Insights

Ad Spotlight: Chris Keenan, Global Chief Product & Commercial Officer, Finecast

  • 6 minutes read
  • Global
  • 30/05/2023

Welcome to the Ad Spotlight series where we hear from a different guest from the industry each month to get an insight into the landscape of advertising as well as their own personal experiences.

Our guest this month is Chris Keenan. Chris grew up in the United States and has over 20 years of experience working in digital media on both sides of the pond. He joined Finecast in January where he leads the global development of addressable TV advertising product solutions, oversees partnerships with key broadcasters, data providers and technology platforms, and the execution of the overarching market expansion strategy.

From developing industry-first products to creating proprietary technology for brand and agency partners, Chris is a technologist at heart.

Q: Why did you choose a career in advertising?

A: Fate and fascination. From an early age, I knew I wanted to be at the crossroads of media and technology. In the early ‘00s someone offered $1,000 to buy an educational resource website I had built as a class project. I couldn’t understand why anyone would offer money for it, so I did some research and that’s when I discovered the ever-evolving world of advertising and ad networks.   
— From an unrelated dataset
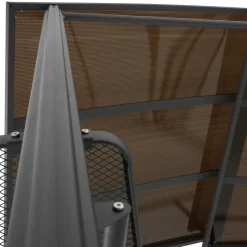 Terrasoverkappingen-tectake Barbecue-overkapping Asado 2,4x1,5x2,34m, Grijs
Q: What are the biggest challenges facing the industry right now?

A: There’s a danger of focusing too much on tech and not enough on creativity. It’s about marrying the two to mutually benefit one another. I’ve heard stories of people running campaigns in the past where they’ve never seen the end creative until after the campaign goes live.

In 2022, less than 1% of impressions had some form of creative optimisation applied. Our goal is to have 100% of addressable TV impression's creatives optimised by 2026. Finecast’s Innovation team has already made great strides in partnership with Choreograph Create (part of GroupM Nexus) and System1 to personalise and optimise creative.

Q: Sum up the future of advertising in three words

A: Automated – As much as I love Excel, it is used too often for tasks that could be automated. If you need to do it once, just do it. Twice? Document it. Three times? Automate it.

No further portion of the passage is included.